女優で歌手の田村芽実が8日、1stアルバム『無花果』をリリース。2016年にアイドルグループ・アンジュルムを卒業し以降は女優として舞台とミュージカルで活躍。数多くの舞台に立ち、今年は『ウエスト・サイド・ストーリーSeason2』のヒロインであるマリア役を演じ、6月から渡辺直美が主演するミュージカル『ヘアスプレー』にアンバー役で出演することが決まっている。歌手としては、2018年にシングル「輝いて ~My dream goes on~」でメジャーデビュー。『無花果』にはデビューから現在までのシングル表題曲と新曲8曲を含む全12曲を収録。昭和歌謡、ジャズ、フレンチポップ、ミュージカル調など多彩な楽曲で、少女と大人の女性の間で揺れ動く21歳の等身大が表現されている。「音楽活動とミュージカルの両方があってバランスが取れている」と話す彼女。アイドル時代と今の違いや彼女にとっての音楽について話を聞いた。【取材・撮影=榑林史章】
毒々しさと甘さを持つのが女の子
――1stアルバムが完成してどんな気持ちですか?
フルアルバムは曲数がドンッと増えるので制作中は大変なこともありました。ただ今の率直な気持ちとしては、ライブで歌える自分の曲が一気に増えたことがとても嬉しくて、ライブで歌うのが今から楽しみです。

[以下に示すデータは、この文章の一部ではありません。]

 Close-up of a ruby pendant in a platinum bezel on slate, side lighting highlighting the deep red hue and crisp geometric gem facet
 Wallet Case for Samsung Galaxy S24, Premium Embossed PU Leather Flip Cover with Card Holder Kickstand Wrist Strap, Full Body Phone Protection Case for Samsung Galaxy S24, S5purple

――アンジュルムにいたときもフルアルバムを出していましたが、当時と今では制作に対する考え方は変わりましたか?
まず、やり方がまったく違いますね。グループのときは「アルバムを出すのでこの曲を歌えるようにしてきてください」と言われて、練習をしてきてレコーディングをして。あらかじめ決めてもらったことをやっていく感じでした。でも、今はコンセプトを決める段階から、何から何まで自分が関わるので、制作に対する向き合い方が全く変わりました。

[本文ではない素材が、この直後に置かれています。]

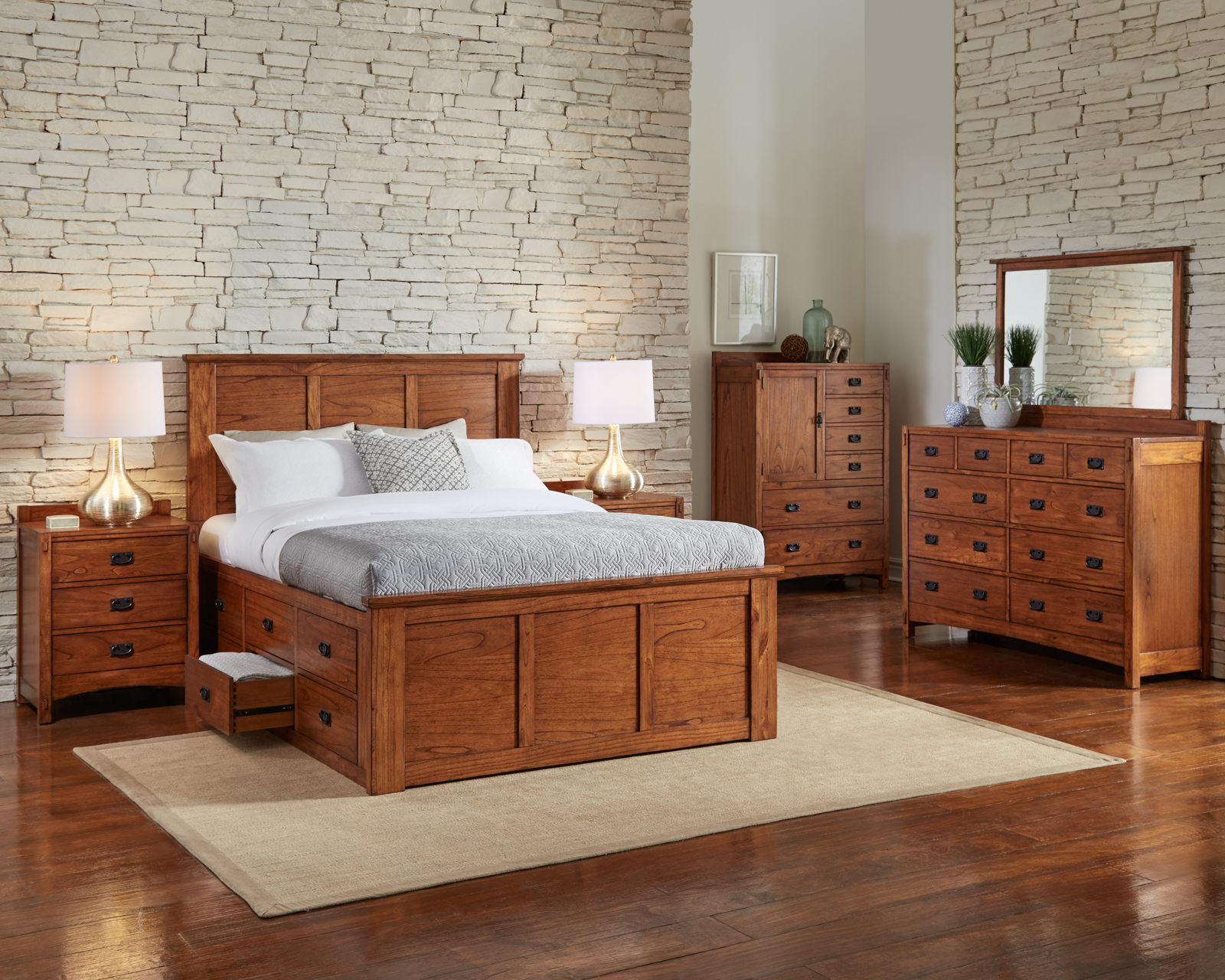 A-America MIHHA5151 Mission Hill King Captain Bed A-America MIHHA5151 Mission Hill King Captain Bed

――『無花果』は、10代でデビューし現在21歳という田村さんの、少女と大人の女性との間で揺れ動く気持ちが感じられ、田村さんのデビューしてからの約2年が凝縮されていると感じました。タイトルの『無花果』は、どんなイメージで付けたのですか?
今作は1stシングル「輝いて ~My dream goes on~」から3rdシングル「舞台」までの表題曲とミニアルバム『Sprout』のリード曲「無形有形」それから、ひとりの人間であり歌手である田村芽実のデビューしてから現在までの代表曲と、さらに新しい曲を収録した作品になりました。1stシングルから新曲までの約2年の期間、曲ごとに違う私の歌にどう統一感を持たせようかとすごく悩んでスタッフさんとたくさん話し合いました。2曲目に2月に先行配信した「いちじく」がリード曲に決まった段階で、じゃあアルバムタイトルも『無花果』が良いなと思って。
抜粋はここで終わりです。